Not So Fast, Friend: 3 Myths About Net Asset Value
If you’re a college football fan, you probably saw that Lee Corso, the popular 87-year-old former coach, recently returned to the College Gameday set. He’s back with his spunk, famous mascot picks and one-liners that make people love him.
A common Coach Corso quip is, “Not so fast, friend!” He says this when he thinks one of his College Gameday co-hosts gets it wrong about that week’s match-up.
Alternative investment funds and real estate investment trusts (REITs) may not have an obvious link to college football. But when it comes to understanding net asset value (NAV), what’s real and what’s a myth, Coach Corso’s proclamation applies.
NAV is the value of a fund less its liabilities, divided by the number of outstanding shares. Advisors often cite the NAV when trying to convince an investor of a fund’s performance.
We talk with a lot of financial advisors and hear a few common myths about NAVs. These three, especially, have us saying, “Not so fast!”
Myth 1: NAV is the same as market value.
The NAV represents the amount a third party estimates you’d receive if you sold all of a fund’s investments at the same time. Market value is the price for which something can be sold.
For example, let’s say you have a non-traded REIT in your portfolio with 125 properties across the country. To arrive at the NAV, you have to sell all 125 properties at the appraised price at the same time. It sounds good in theory but very unlikely.
Or, say you own your home and a rental property. If you decide to sell them both today, would you get the exact appraised value? Again, probably not.
Understanding the value of your investments should be easy. After all, it’s right there in black and white on your quarterly financial statement. But the figure listed on your statement isn’t necessarily what someone would pay if you sold all your shares today.
Remember: Net asset value doesn’t equal market value.
Myth 2: There’s a standard for how NAV is calculated.
Typically, companies with non-traded REITs hire a third-party to determine the appraised value of their shares.
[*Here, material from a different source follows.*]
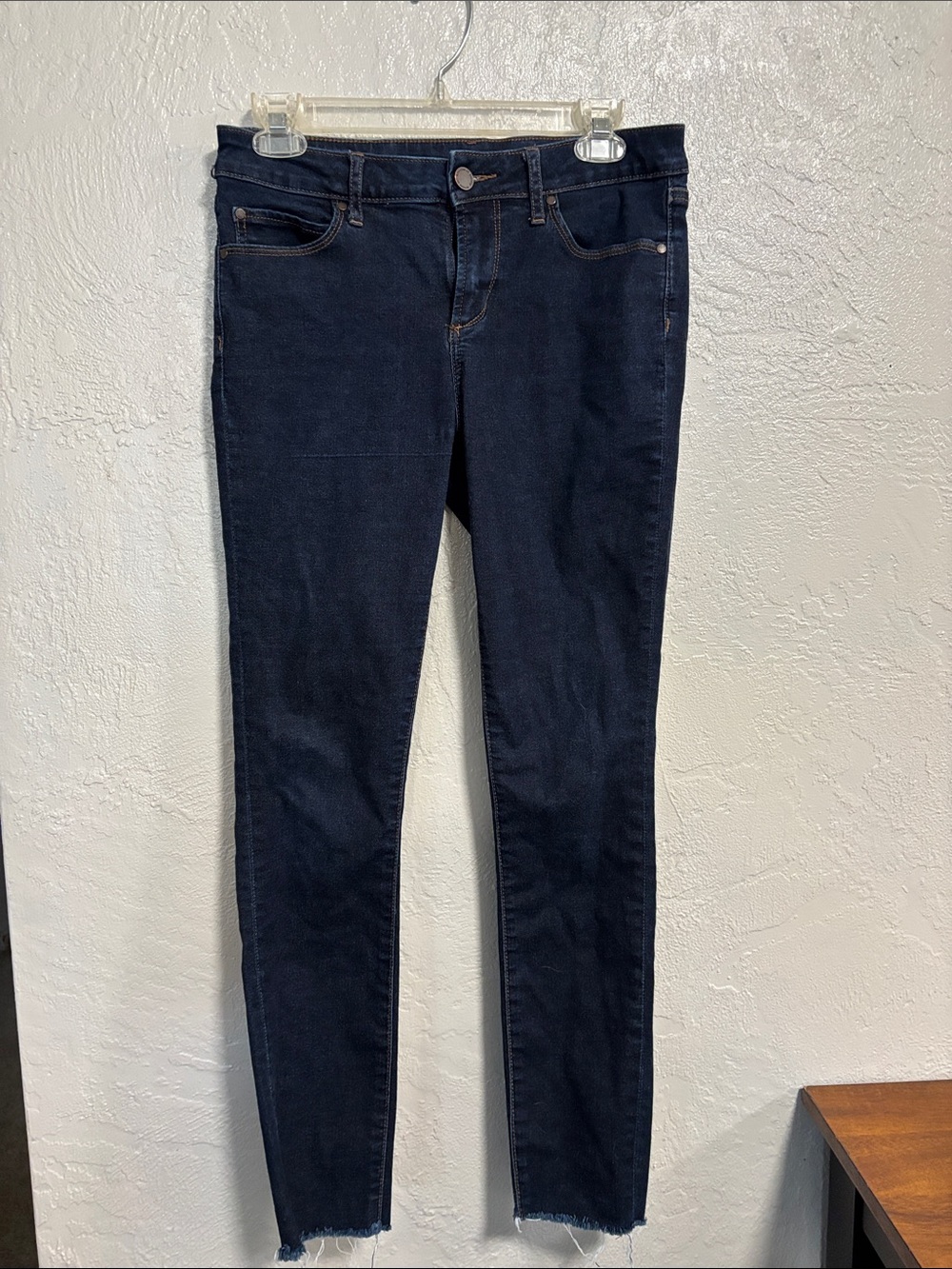 Articles of Society Women’s Dark Blue Skinny Jeans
The independent party usually gives a price range from lowest to highest value. A fund’s board of directors then selects the value per share to use as the NAV.
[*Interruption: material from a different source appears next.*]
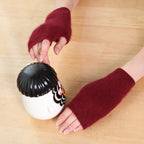 Mitaines simples en coton (toutes couleurs)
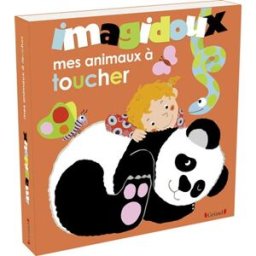 Mes animaux à toucher Fani Marceau, Claire Le Grand Gründ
We’ve seen a fund’s NAV span $7 to $15 per share. That’s quite a gap! In another instance, a non-traded REIT used three different valuation methods in the last four years. And in one year, different assets in the fund were valued in different ways.
Plus, we reviewed filings from two popular and widely held non-traded REITs. The fund changed the valuation method each of the last few years and assets inside the portfolios were valued using different methodologies.
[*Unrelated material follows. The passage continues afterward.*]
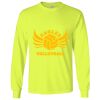 Gildan Ultra Cotton Long Sleeve T-Shirt Thumbnail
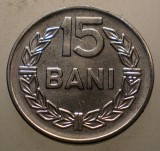 1.163 ROMANIA RPR 15 BANI 1960 XF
It’s hard to view the calculations made in these examples as methodical.
If everyone computed NAV the same way, there would be a specific price, rather than a range. As an investor, make sure you consult your financial advisor and research how NAV is calculated for your investment.
Myth 3: NAV is calculated at regular intervals.
Along with there not being a standard way to calculate NAV, there isn’t a guideline for how often it should be computed. In fact, the frequency depends on the type of investment.
For non-traded REITs, NAV can be calculated at the end of a trading day, on a monthly, quarterly or even annual basis. A fund trades on Realto.ai updated its NAV in August 2022. Prior to that, the NAV hadn’t been calculated since May 2021.
Life cycle REITs are different. These funds, which undergo a “life cycle” of fundraising followed by a liquidity event, don’t have a standard timeframe for calculating NAV. Then there are the funds that stopped updating NAV during the pandemic and have yet to start doing so again.
The bottom-line: There’s not an official reporting requirement for when NAV must be calculated for non-traded REITs. As an investor, make sure you know when a fund’s NAV was computed to ensure it’s a current figure.
The next time you look at your financial statement and see the NAV for your non-traded REITs, run a play from Coach Corso’s book and say, not so fast, friend! Then talk with your financial advisor about the performance of your funds and devise a game plan for how you can call your own play and liquidate investments.